Eu nunca fui de fazer listas de resoluções. Ao contrário, sempre achei que a vida se beneficia com as aleatoriedades. Aquela coisa de “mistério do planeta”, sabe? A “lei natural dos encontros” e tudo mais. Ainda assim, teve um ano em que publiquei uma lista num blog que eu tinha. Ah, os anos 2000…
Talvez ela ainda esteja por aí, armazenada numa nuvem qualquer da web; não sei. Os rastros digitais que a gente tenta apagar, mas que cedo ou tarde reaparecem; seja para causar nostalgia, seja para matar de vergonha. Se a lista te despertou a curiosidade, eu conto o que tinha nela: OBVIAMENTE EMAGRECER.
Puxando pela memória, acho que essa meta estava assim mesmo: em caixa alta, sublinhada e com o advérbio de modo acoplado. Eu era muito inspirada por Bridget Jones naquela época (não recomendo). Porque né…! O que mais uma mulher gorda poderia querer para si mesma do que diminuir a silhueta, custasse o que fosse?
Por muito tempo, entendi que emagrecer era o caminho para a felicidade. Que tudo na minha vida iria melhorar se eu perdesse peso. “Perdesse, não, ELIMINASSE, porque quem perde, acha! Hahahahah”, só para citar uma das tantas piadinhas que, aos poucos, vão incutindo a cultura da dieta e esse pensamento doentio dentro da gente.
Meu objetivo era desfilar por aí com meu “antes e depois”, um exemplo de “sucesso”, de “força de vontade”, de “determinação”. Uma “inspiração” para tantas de que era possível “chegar lá”. Lá onde mesmo? Quanta bobagem.
Blog de dieta
O pior é que não parou por aí. Depois da lista de resolução, meu finado blog se tornou um blog de dieta, em que eu publicava, diariamente, tudo aquilo que eu comia. Sim, eu fiz isso.

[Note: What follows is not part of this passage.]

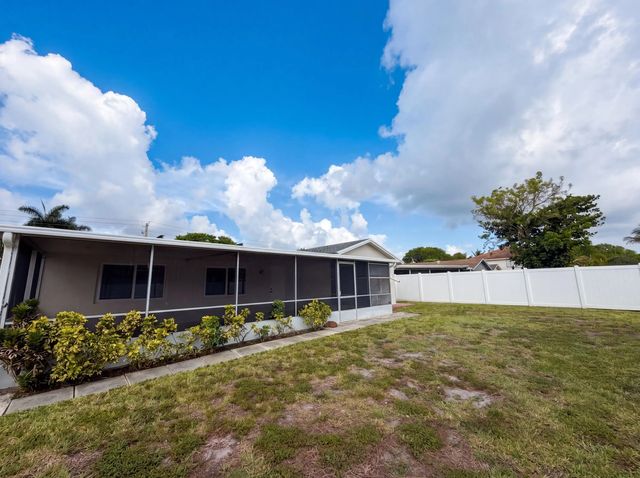 5 of 20 - 9605 Nw 81st, Tamarac, FL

Tornar público o absurdo de viver à base de bolacha água e sal, brócolis e café sem açúcar validava meu emagrecimento diante das pessoas, que acompanhavam afoitas meu processo. Essa dinâmica pública de vigilância também é outro elemento da cultura da dieta, e permite a punição aos que não se curvam a ela.
Com o andar das semanas, eu passei a roubar no jogo. Se eu comia algo que estivesse fora do que, na minha cabeça, representasse o saudável, eu simplesmente não colocava no blog. Se eu não perdesse peso ou engordasse, pelo menos não estava escrito ali que eu havia cometido aquele pecado. Faz sentido? Nenhum.

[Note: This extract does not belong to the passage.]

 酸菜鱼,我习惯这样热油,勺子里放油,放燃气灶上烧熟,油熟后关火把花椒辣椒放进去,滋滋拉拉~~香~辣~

Mais algumas semanas e eu abandonei o blog. Frustrada, fazia daquilo uma metáfora da minha vida: um fracasso retumbante – apesar de todo o resto de coisas incríveis que me aconteciam. “Se eu não era magra, de que adiantava?”, pensava.
Foram anos até me dar conta do que eu estava fazendo comigo mesma e do quanto isso alimentava – sem trocadilhos – a frustração de tantas outras pessoas. Eu nunca quis ser fitness, esse termo que a gente já sabe que não tem nada a ver com saúde. Mas quis ser validada existencialmente… a partir daquilo que eu entendia como valor na sociedade: o corpo magro.
Se ser magra nos anos 2000 era uma meta que eu registrava na web, 2022 sem gordofobia é um sonho que eu projeto aqui hoje. Ainda tá um pouco distante, considerando que tem bonita, que se diz do movimento, fazendo post de “antes e depois”.
Emagrecer nunca foi o problema, associar isso à única forma possível de plenitude e felicidade, é. Se “2022 sem gordofobia” ainda é um sonho, desejo que mais pessoas possam, ao menos, ter esse despertar.